- Recorded information:

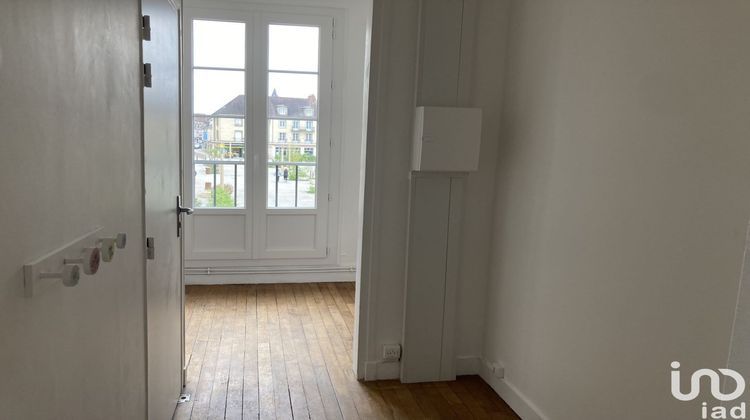 Ma-Cabane - Vente Appartement Les Andelys, 62 m²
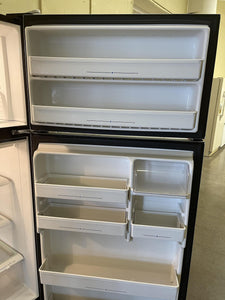 Amana Refrigerator - 9312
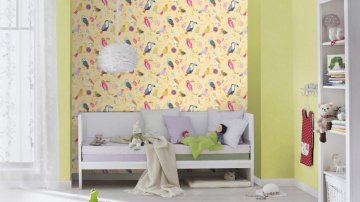 Обои Rasch Kids Teens 2 293029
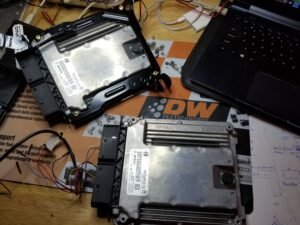 ALFA ROMEO GIULIA - 2.9 - 510HP - ( 2016->  - STAGE 1 PERFORMANCE SOFTWARE TUNE ( ECU TUNE ) - Image 4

- Work item: Write out, word for word, the line containing "Обои Rasch Kids Teens 2 293029" and each line after it to the end of the data, and nothing more. Drop the pictures.

- Reply:
 Обои Rasch Kids Teens 2 293029
 ALFA ROMEO GIULIA - 2.9 - 510HP - ( 2016->  - STAGE 1 PERFORMANCE SOFTWARE TUNE ( ECU TUNE ) - Image 4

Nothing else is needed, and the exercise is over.